**WORK TO COMPLETE:** Every line below should be given again without alteration.

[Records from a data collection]
----

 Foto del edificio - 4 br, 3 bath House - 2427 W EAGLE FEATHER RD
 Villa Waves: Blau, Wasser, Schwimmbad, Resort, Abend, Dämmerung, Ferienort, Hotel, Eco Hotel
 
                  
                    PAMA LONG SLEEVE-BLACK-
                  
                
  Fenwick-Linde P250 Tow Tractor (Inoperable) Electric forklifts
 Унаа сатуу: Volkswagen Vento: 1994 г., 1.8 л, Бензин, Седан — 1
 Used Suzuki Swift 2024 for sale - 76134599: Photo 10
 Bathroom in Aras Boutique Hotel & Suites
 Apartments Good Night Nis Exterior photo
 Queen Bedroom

----

**EXERCISE RESPONSE:**
 Foto del edificio - 4 br, 3 bath House - 2427 W EAGLE FEATHER RD
 Villa Waves: Blau, Wasser, Schwimmbad, Resort, Abend, Dämmerung, Ferienort, Hotel, Eco Hotel
 
                  
                    PAMA LONG SLEEVE-BLACK-
                  
                
  Fenwick-Linde P250 Tow Tractor (Inoperable) Electric forklifts
 Унаа сатуу: Volkswagen Vento: 1994 г., 1.8 л, Бензин, Седан — 1
 Used Suzuki Swift 2024 for sale - 76134599: Photo 10
 Bathroom in Aras Boutique Hotel & Suites
 Apartments Good Night Nis Exterior photo
 Queen Bedroom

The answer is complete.